November 3, 2015

80th Anniversary BRIDE OF FRANKENSTEIN series
Jazz Age Monster

Here’s a splendid streamlined cartoon likeness of Karloff’s Frankenstein Monster from the pages of Universal Weekly, the studio’s trade magazine, May 4, 1935. The art deco-style illustration — signed ‘Marshal’ ? — decorated a page boasting the film’s great box office returns and enthusiastic reviews in Variety and Motion Picture Daily.

Among the articles grouped under the heading “BRIDE OF FRANKENSTEIN: A TREMENDOUS SMASH” were reports from the Tower Theatre in Kansas City of a Sunday’s sellout business with crowds lining up despite a downpour, and the film drawing “unusually heavy child attendance” despite ads warning “not suitable for children”. The Tower’s manager, Barney Joffee, said he did not refuse admission to families on the principle that “parents cannot be prevented from bringing their children”.
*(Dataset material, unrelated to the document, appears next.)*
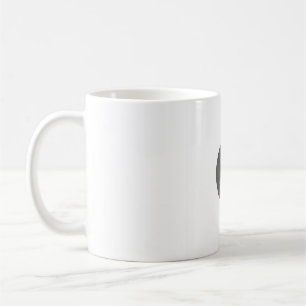 Halloween Moon Phase Mug - Bone & Charcoal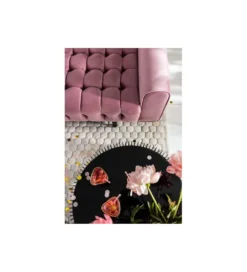 Stolik kawowy Wire SET 2 czarny*KARE Discount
Also featured is a column’s worth of praise for eighteen-year-old female lead, Valerie Hobson, essentially billed as a scream queen, before the term existed. Hobson, we are told, “screamed her way to success” and “plays the part of the beauty-in-peril with ear-splitting realism”. True, Hobson had to deal in quick succession with the Frankenstein Monster and WEREWOLF OF LONDON, leading Universal’s promotional department to declare that … no actress has ever seemed more certain for stardom than this lovely lady of the vociferous tonsils”.